Find GCD of Two Numbers: Euclidean Algorithm

Difficulty: Medium, Asked-in: Microsoft, SAP Labs

Key takeaways

The Euclidean algorithm is one of the oldest and most widely known algorithms. It is a method of computing the greatest common divisor (GCD) of two integers m and n.
One of the best problems to learn problem-solving using recursion (Decrease and conquer strategy).
It allows computers to do various simple number-theoretic tasks and serves as a foundation for more complicated algorithms in number theory.

Understanding the Problem

Given two non-negative integers m and n, we have to find their greatest common divisor or GCD or HCF. It is the largest number which is a divisor of both m and n.

Some important note

If any one of the integer is 0, then the GCD is the other number. It means, if m = 0, n != 0, then GCD(m, n) = n. Similarly, if m != 0, n = 0, then GCD(m, n) = m.
When both m and n are 0, their GCD is undefined i.e. it can be any arbitrarily large number!
If the smaller of the two numbers can divide the larger number then the GCD is the smaller number.

Examples

Input: m = 40, n = 32, Output: 8

Explanation: Integers 1, 2, 4, and 8 can divide both 40 and 30. Here 8 is the largest number, So, GCD (40, 30) = 10.

Input: m = 60, n = 40, Output: 20

Explanation: Integers 1, 2, 4, 5, 10 and 20 can divide both 60 and 40. Here 20 is the largest number, So, GCD (40, 30) = 10.

Brute Force Approach

Solution Idea

As we have seen earlier, if a smaller number is divisible by the larger number then GCD is equal to the smaller number. Otherwise, GCD will be definitely smaller than the smaller of both numbers!

Suppose m > n and m are not divisible by n. Then we need to find the largest number x (x < m and x < n) which is divisible by both m and n. One observation is: Integers from n/2 + 1 to n - 1 will not be the GCD of both m and n because all these integers are not divisible by the smaller number n. So the first best guess for GCD would be x = n/2.

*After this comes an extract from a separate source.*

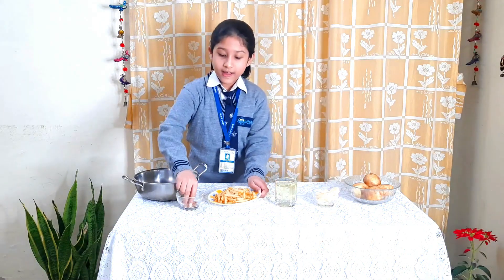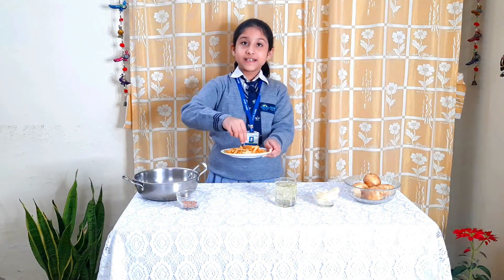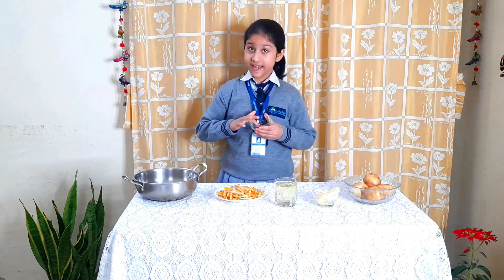Sprinkle some mixed spices on top, which contains two grams black salt, two grams normal salt, one gram black pepper powder, and half gram red chili powder.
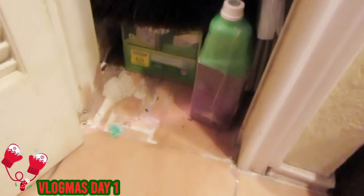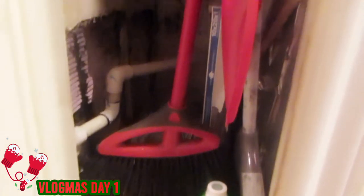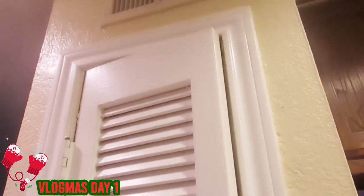Hi y'all and welcome back to It's Andrea Michelle Says! This is Vlogmas Day One. I am so happy to show you guys all the stuff that I'm going to be cleaning — like this broom and dustpan closet. It's a hot mess in here. It's got dust, fur, fuzzy bits, broken pieces. We just need to get in there and clean it. It won't look perfect, but I'm gonna do my best. Happy Vlogmas Day One!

So one basic idea would be to run a loop from i = n/2 to 2 and check whether the current integer i divides both m and n. If yes, then the value is required GCD.

Solution Pseudocode

int gcd(int m, int n)
{
    int minValue = min(m, n)
    if (m % minValue == 0 && n % minValue == 0)
        return minValue
 
    for (int i = minValue/2; i >= 2; i = i - 1) 
    {
        if (m % i == 0 && n % i == 0)
            return i
    }
    return 1
}

Decrease and Conquer approach: Decreasing input size by the difference of both numbers

Suppose m > n and GCD(m, n) = x. Based on the definition of the GCD, x is the largest number that divides both m and n. Now let's think about the difference m - n, which is smaller than the largest number!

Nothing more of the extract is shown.